YourCabs aggregates radio cabs from multiple taxi operators in Bangalore. For each model type, the supply shifts dynamically and depends on the number of drivers logged in. If cabs are unavailable, Yourcabs incurs cost on either upgrading the passenger or losing the sale. If several cabs do not have bookings, there is some loss of relationship with the supplier. Thus, YourCabs needs to be able to predict the demand for each cab type at an hourly basis so it can reach out to taxi operators and plan the number of drivers logging into its system.
Our forecasting problem predicts the demand for each cab type segment from November 15-22, 2013 at an hourly level. We first split the cab models into 5 segments – small cars, sedans, utility vehicles, premium cars, and buses. On plotting the data we see that the trend changes drastically from mid 2013 for small cars and sedans. Thus, only data for the last 6 months should be used to generate forecasts. Further, there is light seasonality at a weekly level and very strong seasonality at the hourly level for each segment. These seasonalities need be accounted for while making forecasts. We test the forecasting model over the first two weeks of November to evaluate and compare different models.
We first generate benchmark forecasts using a naive rule. We then create forecasting models using multiple linear regressions and the Holt Winter model. For Small cars, Sedans, and Utility vehicles, linear regression is a better predictor of cab demand over the validation period. We then generate forecasts for the forecast horizon using regression. However, the model has a tendency to under-predict the peak demand, and under-prediction cost is higher than over-prediction cost. Thus we attach a factor of safety to the forecasts before making any business decisions. We make suitable assumptions for the factors of safety for each of the popular segments. Premium cars and buses have seen very little demand over the past two years. Thus, it is not feasible to generate forecasts for their demand. Practically, these vehicles can be arranged specifically for any customer who asks for them.

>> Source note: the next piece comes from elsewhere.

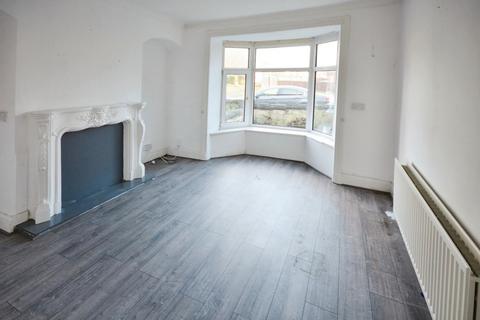 undefined, Albert Street, Shildon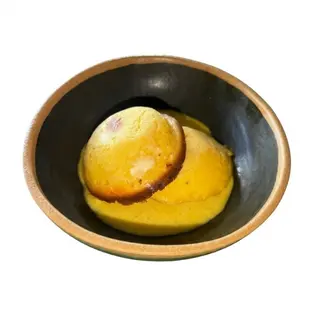 Pastel de elote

In conclusion we recommend using multiple linear regression including intraday and intraweek seasonalities for forecasting hourly demand for each cab segment. The forecasts can be generated at the start of the day for the entire day and rolled forward for the next day. Our model does not take into account the location of the supply and demand. Nor does it factor in vehicles in transit that will become available for booking in the next hour. These aspects must be accounted for before deploying the forecasting model.